Enjoy your life !!!





Kamis, 14 Mei 2015

TENTANG KEHIDUPAN SEKOLAH DASAR

               Mengajar dan mendidik sudah menjadi hal yang wajar sekiranya bagi seorang guru. Selama enam hari bertatap muka dengan siswanya entah di dalam kelas atau di luar kelas, sudah menjadi rutinitas dan tugas pendidik. Mulai dari menyiapkan rencana pembelajaran sampai implementasinya dalam pembelajaran. Persiapannya pun tak semata-mata hanya duduk manis di kelas lalu memberikan soal dan selesai sudah. Kalo dilihat dari rencana saja sudah akan menyita waktu untuk berpikir bagaimana skenario pembelajaran esok hari akan dilakukan. Belum lagi ketika guru harus dihadapkan oleh beberapa pilihan ketika rencana belajarnya tidak berjalan sesuai semestinya. Bisa saja skenario itu akan lenyap karena skenario yang telah tersusun rapi dibuat berantakan oleh banyak karakter anak di dalam kelas yang haus akan perhatian. Wajar sih wajar, ya beginilah indahnya mengajar anak SD. Mulai dari ribut, tidak suka dengan gaya belajar pada saat itu, ada yang tertinggal dan perlu bimbingan khusus, dan ada biang onar di kelas itulah beberapa tantangan yang dihadapi. Nah maka dari itu apabila skenario tidak berjalan perlu berpikir keras untuk menyiapkan opsi pembelajaran lain yang tidak mengacaukan kelas. lagi dan lagi perlu keterampilan mengalihkan pembelajaran dengan cara lebih dimengerti. Mengubah situasi secara kilat pun mesti dilakukan.
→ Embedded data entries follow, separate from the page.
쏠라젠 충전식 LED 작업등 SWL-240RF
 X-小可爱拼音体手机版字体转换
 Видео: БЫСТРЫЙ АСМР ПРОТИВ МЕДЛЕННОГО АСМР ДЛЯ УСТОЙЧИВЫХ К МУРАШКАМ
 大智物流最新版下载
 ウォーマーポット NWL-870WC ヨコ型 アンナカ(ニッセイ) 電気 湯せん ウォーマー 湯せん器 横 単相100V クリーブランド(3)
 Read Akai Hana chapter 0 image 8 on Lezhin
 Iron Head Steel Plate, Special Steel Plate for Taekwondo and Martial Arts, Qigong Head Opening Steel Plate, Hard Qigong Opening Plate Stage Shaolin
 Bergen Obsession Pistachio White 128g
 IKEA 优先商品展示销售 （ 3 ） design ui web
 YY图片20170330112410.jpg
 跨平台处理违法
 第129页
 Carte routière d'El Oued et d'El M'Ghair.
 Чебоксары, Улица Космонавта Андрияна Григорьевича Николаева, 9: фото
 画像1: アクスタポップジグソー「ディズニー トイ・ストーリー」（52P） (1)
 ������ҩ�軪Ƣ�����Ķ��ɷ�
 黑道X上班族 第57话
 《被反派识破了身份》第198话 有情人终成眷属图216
 Saya selama terjun langsung ke kehidupan mengajar Sekolah Dasar benar-benar memeroleh tantangan yang begitu nyata dan unik. Karakter setiap kelas dan setiap anak benar-benar hebat. Banyak karakteristik siswa yang mesti diselami supaya pembelajaran bisa berjalan dengan baik. Kalau boleh dibilang guru harus “ngemong” entah itu kelas rendah atau kelas tinggi. Kebanyakan orang bilang mungkin mengajar itu gampang, mungkin dengan sudut pandang mengajar hanya memberikan informasi dan siswa tahu sudah itu saja. Kenyataannya? Tidak sesederhana itu. Kalau supaya siswa tahu dan paham saja bisa, tapi tidak bakal semua karena masing-masing memiliki kecepatan berbeda dalam menerima informasi. Itu saja sudah tantangan tersendiri untuk membuat anak dalam kelas maju bersama beriringan. Belum lagi nanti tingkah laku mereka yang dalam usianya sedang senang menirukan apa yang mereka lihat dan dengar. Imitasi adalah fase mereka saat itu dan perlu pengarahan dari seorang guru untuk mendidik mereka supaya terarah dan memiliki sikap santun dimana pun mereka berada. Era globalisasi sekarang menuntut guru untuk melakukan pembentukan karakter siswa yang berbudi pekerti luhur.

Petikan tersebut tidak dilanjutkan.